Vale realçar aqui interessante posição de CARMEM LÚCIA ANTUNES ROCHA, para quem, mediante a propositura de ação declaratória incidente no curso da demanda principal (art. 5º do CPC), caberia controle concreto de constitucionalidade tendo por objeto a própria declaração da incompatibilidade da norma. Nesses casos, considerando a formação de coisa julgada sobre a questão incidental, a sentença que julgasse procedente o pedido da ação declaratória incidental, por vias transversas, poderia surtir efeitos sobre "outros processos em que a pessoa pública, que tenha figurado na primeira demanda, pretenda agir ou esteja a agir nos mesmos moldes que em que o fazia e com fundamento no mesmo ato normativo." [18] Contudo, não parece que tal posicionamento deva vingar. É que o processamento da ação declaratória incidental igualmente não dispensa a presença de interesse processual (art. 3º do CPC), o qual está ligado à efetiva necessidade de contornar a regra geral estabelecida no inciso III do art. 469 do CPC, abrangendo assim a questão prejudicial pelos efeitos da coisa julgada da decisão final. Dessa forma, como essa abrangência não é requisito à consecução do controle concreto de constitucionalidade, não há interesse processual na propositura da declaratória incidental propugnada pela eminente autora.

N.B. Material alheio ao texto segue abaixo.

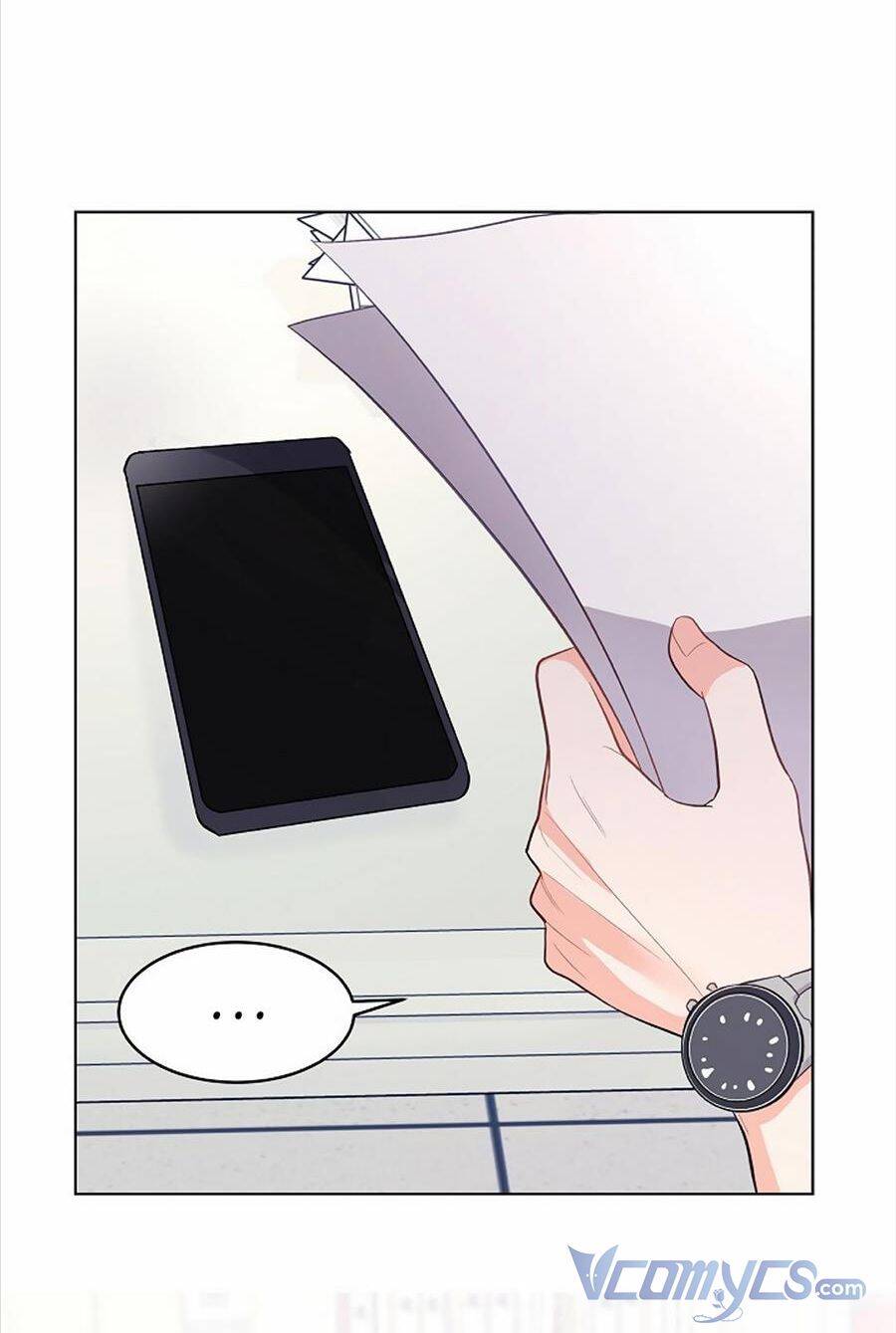 Tôi Trở Thành Con Gái Của Triệu Phú: Chapter 30
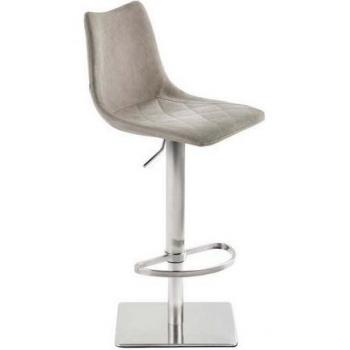 Mayer Barhocker myTOBY Grau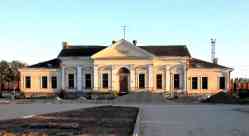 136 КБ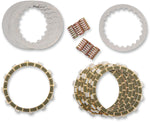 Barnett Complete Dirt Digger Clutch Kit For KTM Adventure 640 R 1999-2001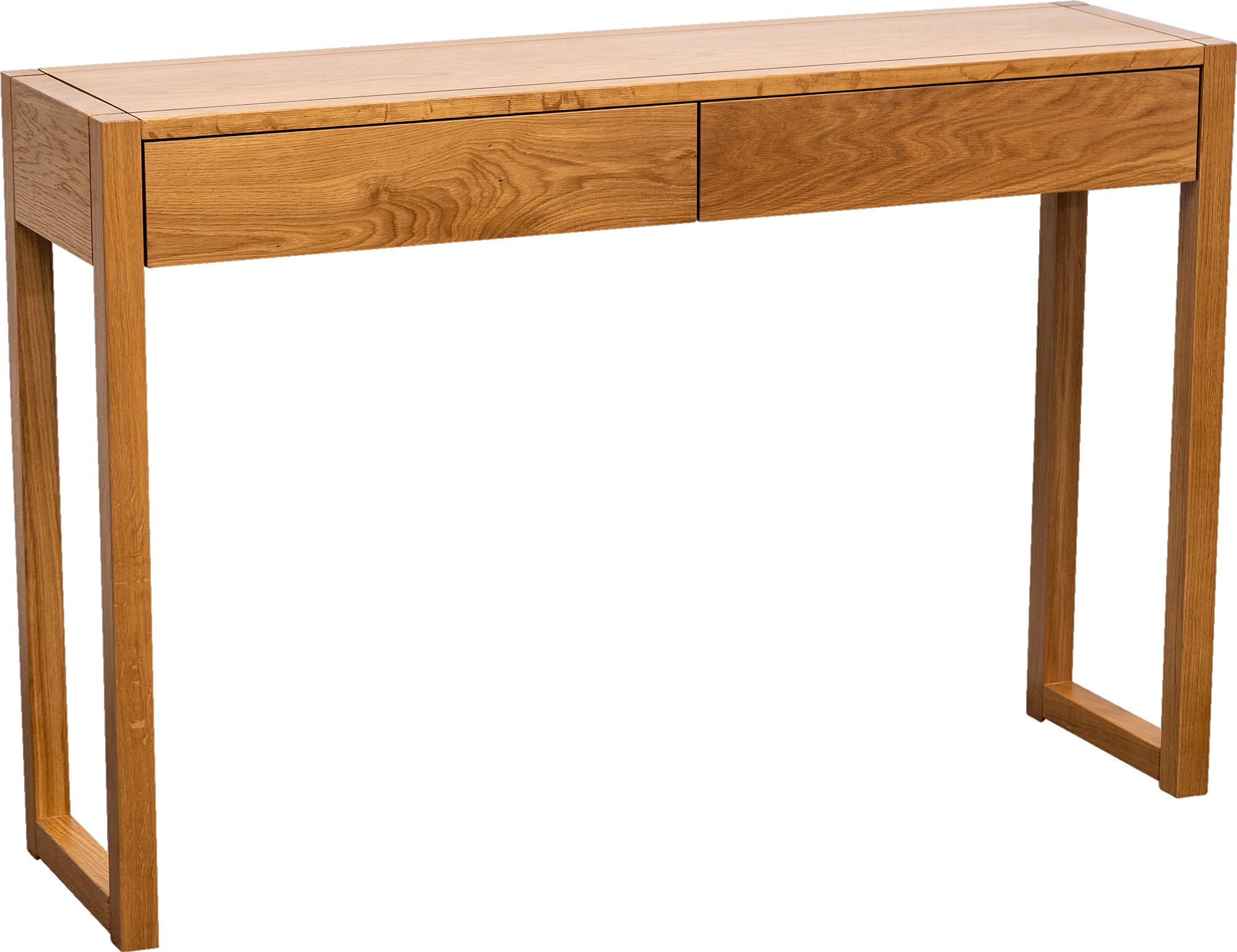 Oak image 7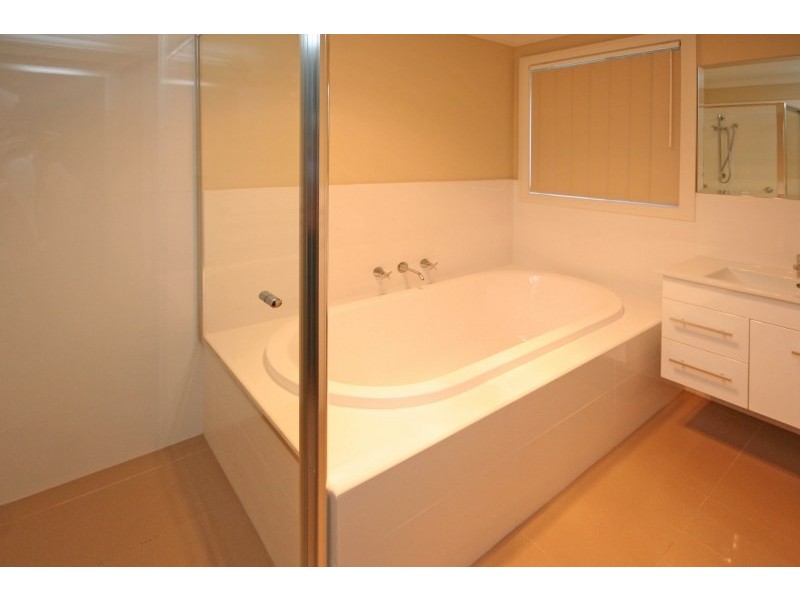 19 Dunlop Avenue, Harrington Park NSW 2567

Além disso, é imprescindível que o pedido da demanda incidental possa também, em tese, ser objeto de ação declaratória autônoma. [19] No entanto, como o ordenamento jurídico proíbe ação autônoma, na via de controle concreto, cujo objeto seja a declaração de inconstitucionalidade de ato normativo, a proposta de ROCHA esbarra, ademais, na impossibilidade jurídica do pedido da declaratória incidental.
Não obstante, adotando o direito brasileiro o princípio geral da nulidade da norma inconstitucional, é retroativa (ex tunc) a eficácia da decisão judicial que reconhece incidentalmente a inconstitucionalidade. Isso porque "o processo comum é construído sempre e indispensavelmente sobre fatos históricos". [20] Portanto, o afastamento da aplicação da norma inconstitucional ocorre de forma necessariamente retrospectiva (fatos passados), [21] fulminando todos efeitos concretos do ato viciado.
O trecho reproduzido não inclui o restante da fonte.